Zionism: Could the Zionists Have Chosen Another Country?
by Mitchell Bard
In the late 19th century, the rise of religious and racist anti-Semitism led to a resurgence of pogroms in Russia and Eastern Europe, shattering promises of equality and tolerance. This stimulated Jewish immigration to Palestine from Europe.
Simultaneously, a wave of Jews immigrated to Palestine from Yemen, Morocco, Iraq and Turkey. These Jews were unaware of Theodor Herzl's political Zionism or of European pogroms. They were motivated by the centuries-old dream of the “Return to Zion” and a fear of intolerance. Upon hearing that the gates of Palestine were open, they braved the hardships of travel and went to the “Land of Israel.”
The Zionist ideal of a return to Israel has profound religious roots. Many Jewish prayers speak of Jerusalem, Zion and the Land of Israel. The injunction not to forget Jerusalem, the site of the Temple, is a major tenet of Judaism. The Hebrew language, the Torah, laws in the Talmud, the Jewish calendar and Jewish holidays and festivals such as Shavuot all originated in Israel and revolve around its seasons and conditions. Jews pray toward Jerusalem and recite the words “next year in Jerusalem” every Passover.

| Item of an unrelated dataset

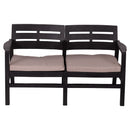 Set Salotto da Giardino 4 Posti Cuscini Tortora Struttura Nero Effetto Legno Malindi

Jewish religion, culture and history make clear that it is only in the land of Israel that the Jewish commonwealth can be built.
In 1897, Jewish leaders formally organized the Zionist movement, calling for the restoration of the Jewish national home in Palestine, where Jews could find sanctuary and self-determination, and work for the renascence of their civilization and culture.